In another bowl, mix all the dry ingredients except the sesame seeds. Pour the yeast mixture and mix. Now add the egg and the butter and start kneading a smooth and elastic dough. If you find the dough too sticky, add a wee bit of either wholewheat or plain flour. Continue kneading till you have a soft but moist dough. Lightly oil the dough from outside and tightly wrap with a clingwrap and keep it in a warm place to rise, about 1 hour or until doubled.
Meanwhile, heat oil in a pan and add the onions. Coat the onions with the oil properly and spread it out on the pan evenly. Let it stay uncovered for 5-10 minutes on low heat, stirring once or twice in between. Now add salt and sugar and mix and continue the process till the onions start caramalizing and turn into a beautiful deep brown color. Be careful not to burn the onions at this stage. Add the balsamic vinegar, if using, and reduce the excess liquid. Using this, the onions will get a beautiful sweet and tangy taste and takes it to a higher level. Once the liquid dries up, remove from heat and transfer to a clean bowl and let it cool. The caramalized onions also serve as a amazing pizza topping!
Now, take the dough out and punch it down a few times till the trapped air releases. Now pinch out plum sized balls and spread it slightly on your palm. Make an indentation in the center and add some of the onions followed by the roasted and chopped walnuts. Seal the edges and form a smooth ball again.
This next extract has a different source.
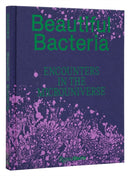 Beautiful Bacteria : Encounters in the Microuniverse?-9780847899869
Arrange the filled balls in an oven safe greased dish and cover and keep aside in a warm place for the second proofing, about 1-2 hours or until doubled.
Towards the end of the proofing time, start pre heating the oven at 180 degree celsius. Take the dough dish out and gently brush with milk. Sprinkle some sesame seeds on top and bake in the pre heated oven for 20 minutes or until browned on top and a tap on the top sounds hollow. I added some Parmesan cheese as well but you can skip that. Remove from oven and let it cool on wire rack. Serve warm.